The described reactions are normally carried out in an inert polar solvent, such as dimethyl acetamide, dimethyl formamide or the like.
In the process according to the invention, the silicone oils are introduced in concentrations of 0.8 to 2% by weight (for the polydimethylsiloxane) or 0.2 to 0.6% by weight (for the ethoxylated polydimethylsiloxane). The ratio by weight of PDMS to ethoxylated PDMS in the final phase is preferably 1:1 to 5:1. The concentration figures represent the content of oil in the spun elastane filament. The oils are introduced from a stock formulation in which the oils are dispersed in the solvent, for example dimethyl acetamide, together with other spinning aids, such as an antiblocking agent for example. The stock formulation is then added to and mixed with the spinning solution in a static mixer or other mixer. The concentration of the two silicone oils together in the stock formulation is preferably from 15 to 22% by weight.
The elastane filaments are then produced from the spinning solution obtained by wet spinning or dry spinning, preferably by dry spinning. Fibers produced by the process according to the invention preferably have an individual denier of 10 to 160 dtex. Multifilament yarns consisting of 3 to 5 coalesced individual capillaries are particularly preferred. They preferably have a denier of around 33 to 55 dtex.
After leaving the spinning tube, the fibers may be provided with a typical external finish to facilitate their processing in the subsequent warping and knitting processes.

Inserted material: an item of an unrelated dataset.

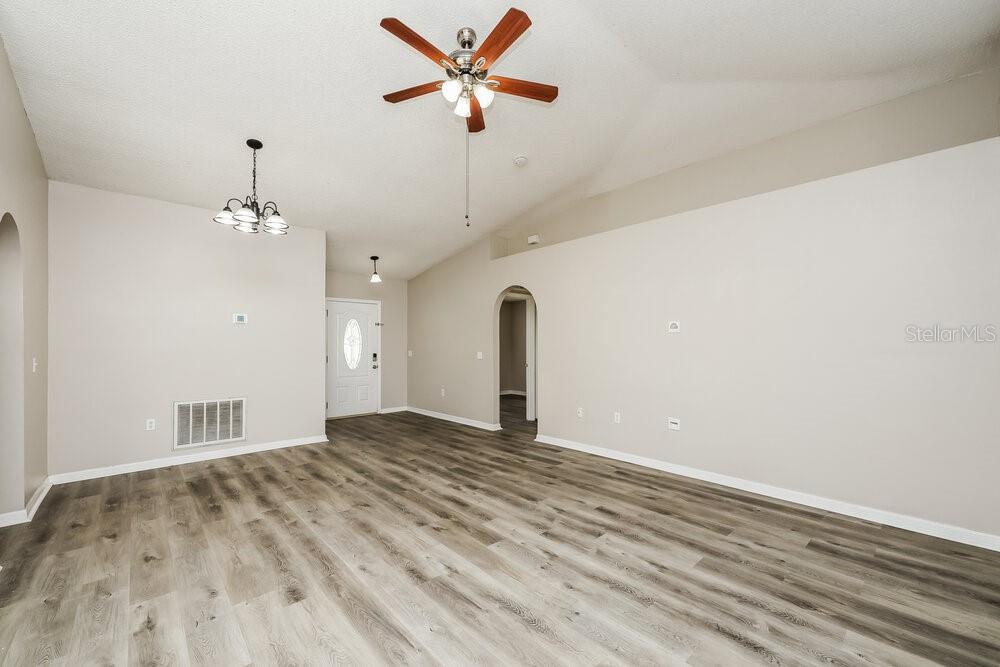 An empty living room features light-colored walls, wood-look flooring, and a ceiling fan — 12938 BRIDLEFORD DRIVE, GIBSONTON, FL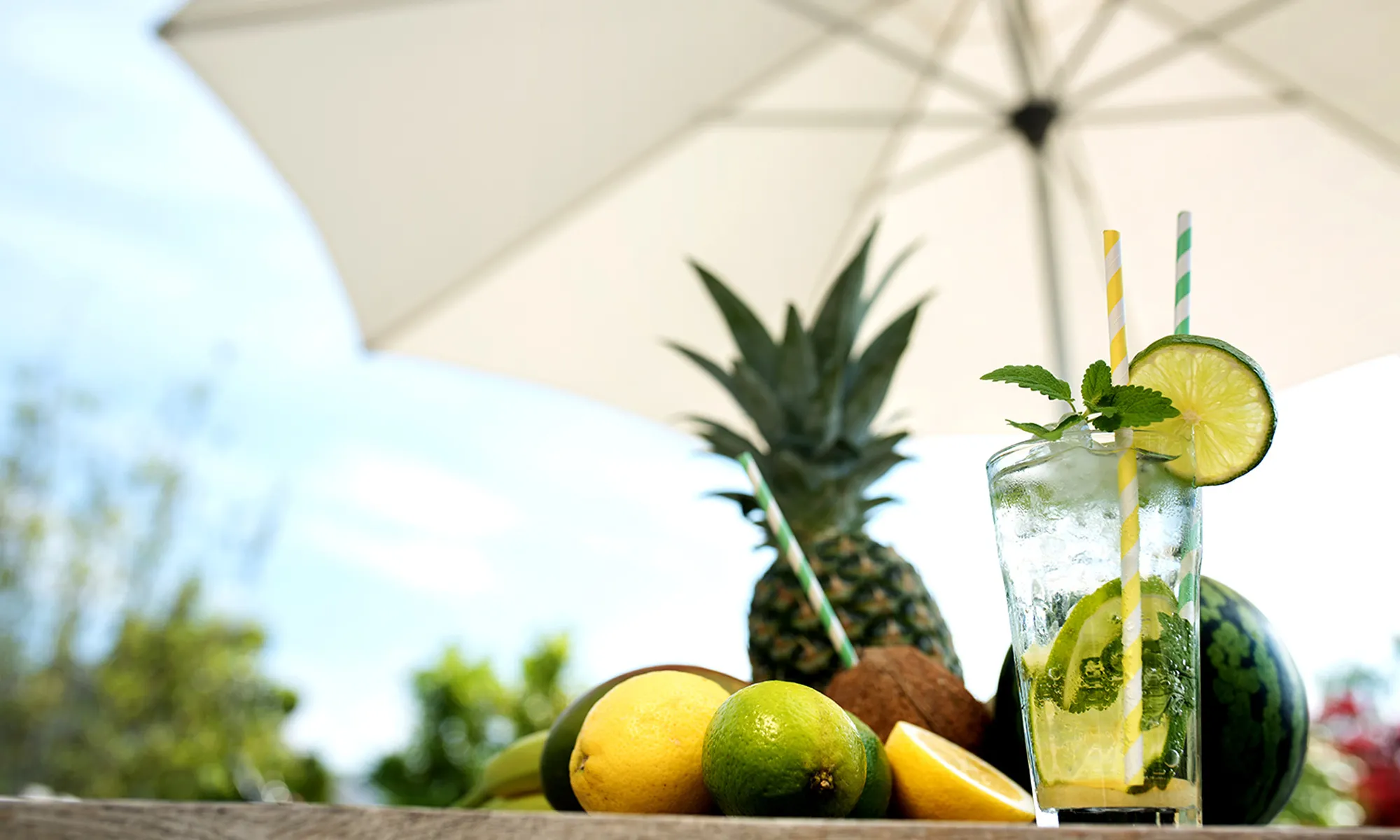 Bevanda e frutta su un tavolo sotto un ombrellone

The present invention also relates to the elastane fibers obtainable by the process according to the invention.
The test described in the following was used to show that the elastane filaments produced in accordance with the invention provide the fabrics knitted from them with distinctly better uniformity than elastane filaments produced by a standard process.
In a first step, 1,340 filaments with a denier of dtex of 45 are warped with a preliminary draft of 156% and a final draft of 40% onto two sectional warp beans (SWBs) of an elastane warping machine (type DSE 50/30, Karl Mayer, Oberhausen).
In a second step, an elastic warp-knitted fabric is produced from these sectional warp beams together with two SWBs of polyamide dtex 44/10 (a product of SNIA). A type HKS 2/E 32 warp loom (Karl Mayer, Oberhausen) is used as the warp knitting machine. The filament feed values are 59.0 cm for the elastane and 160.0 cm for the polyamide.
The warp-knitted fabric thus produced is then relaxed on a steaming table with a vibration attachment, any differences in stitch density and fabric width largely being removed from the raw fabric.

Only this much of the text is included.